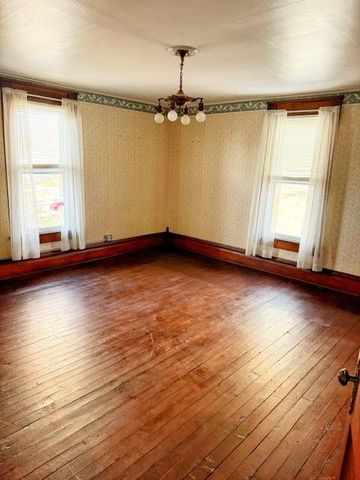 711 Mill Street, Mound City, MO 64470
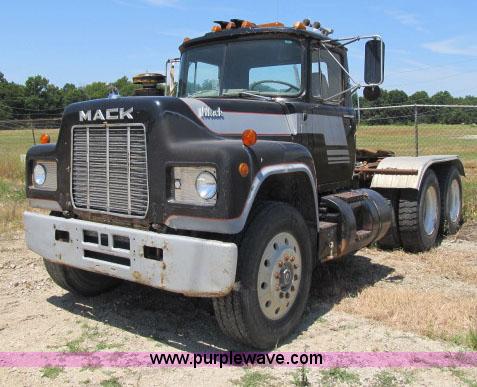 image for item AC9364 1984 Mack R686ST semi truck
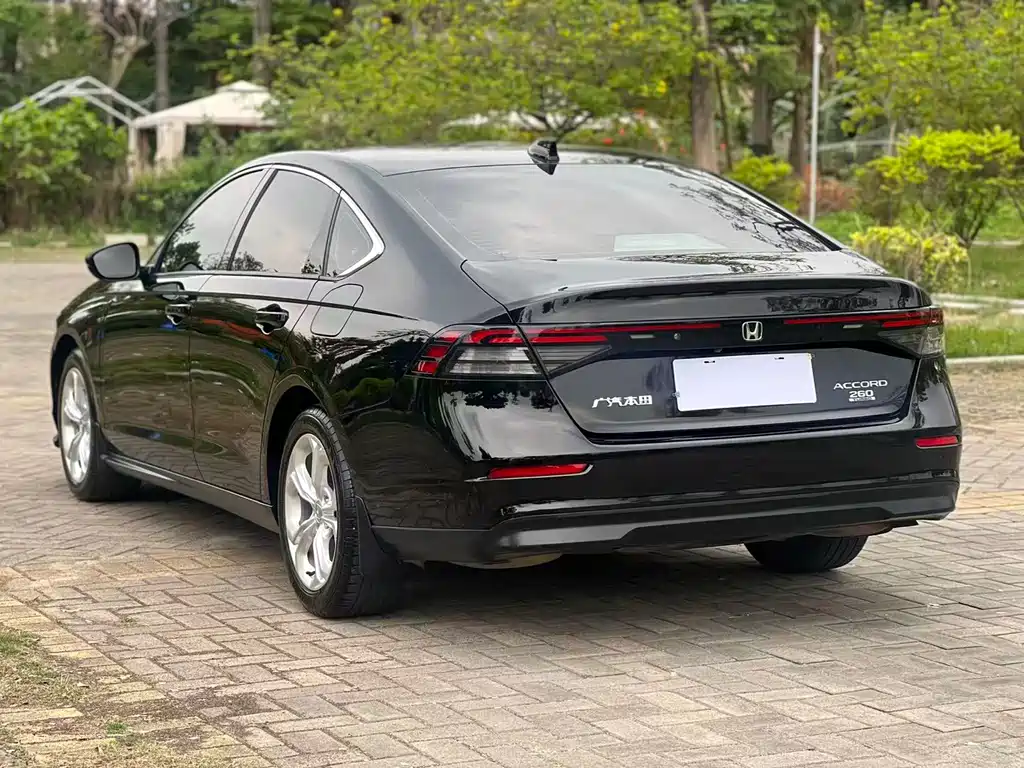 Honda Accord — фото 18
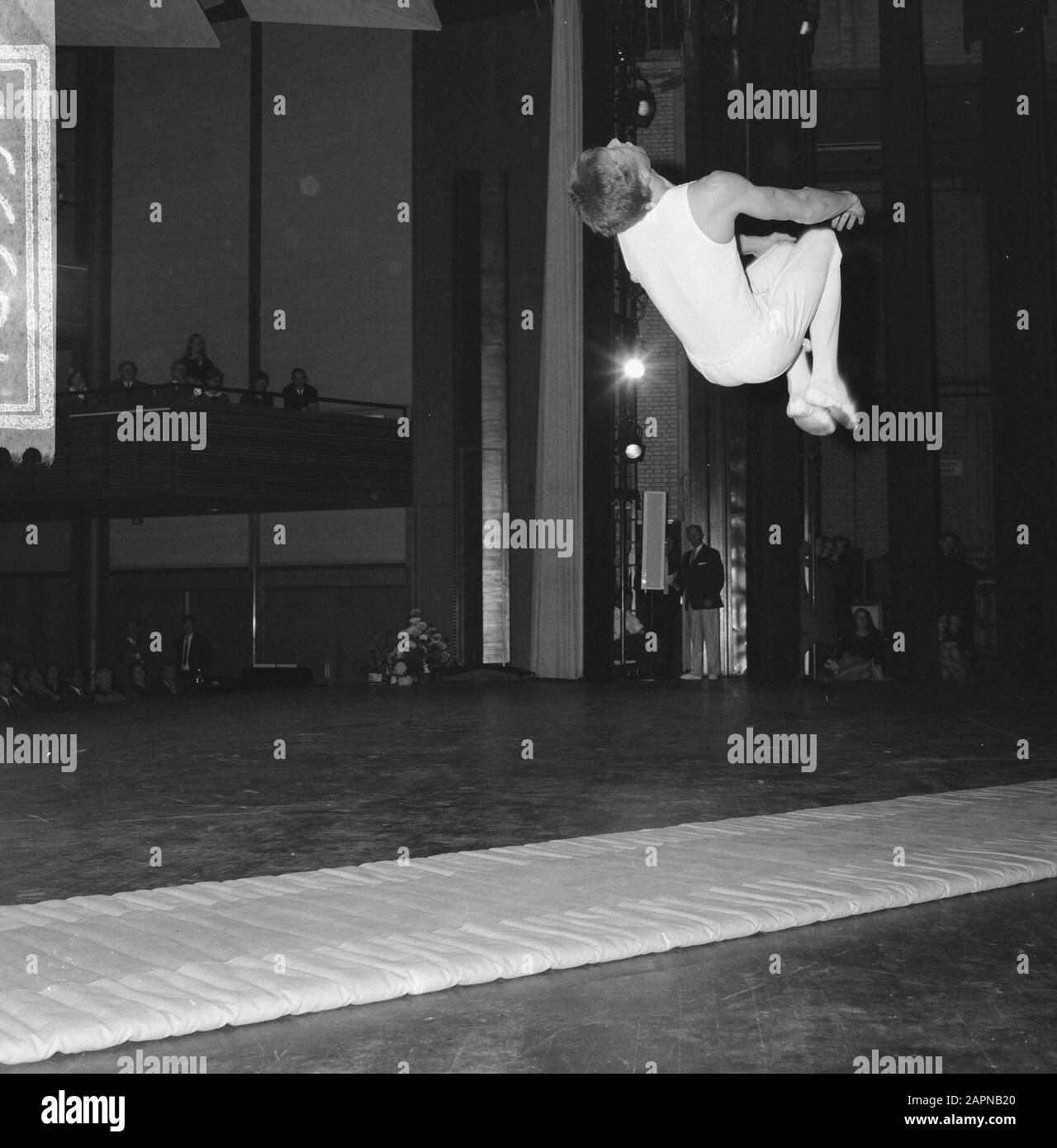 40ème anniversaire de l'Académie d'éducation physique à Amsterdam Performance d'un membre de l'équipe de démonstration à la salle des congrès Date: 24 octobre 1965 lieu: Amsterdam, Noord-Holland mots clés : démonstrations, éducation physique, éducation, gymnastique Banque D'Images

::::::::::

▶ [WORK TASK] The whole listing must be restated word for word. Leave out any pictures.

▶ [RESPONSE TO THE TASK]
 711 Mill Street, Mound City, MO 64470
 image for item AC9364 1984 Mack R686ST semi truck
 Honda Accord — фото 18
 40ème anniversaire de l'Académie d'éducation physique à Amsterdam Performance d'un membre de l'équipe de démonstration à la salle des congrès Date: 24 octobre 1965 lieu: Amsterdam, Noord-Holland mots clés : démonstrations, éducation physique, éducation, gymnastique Banque D'Images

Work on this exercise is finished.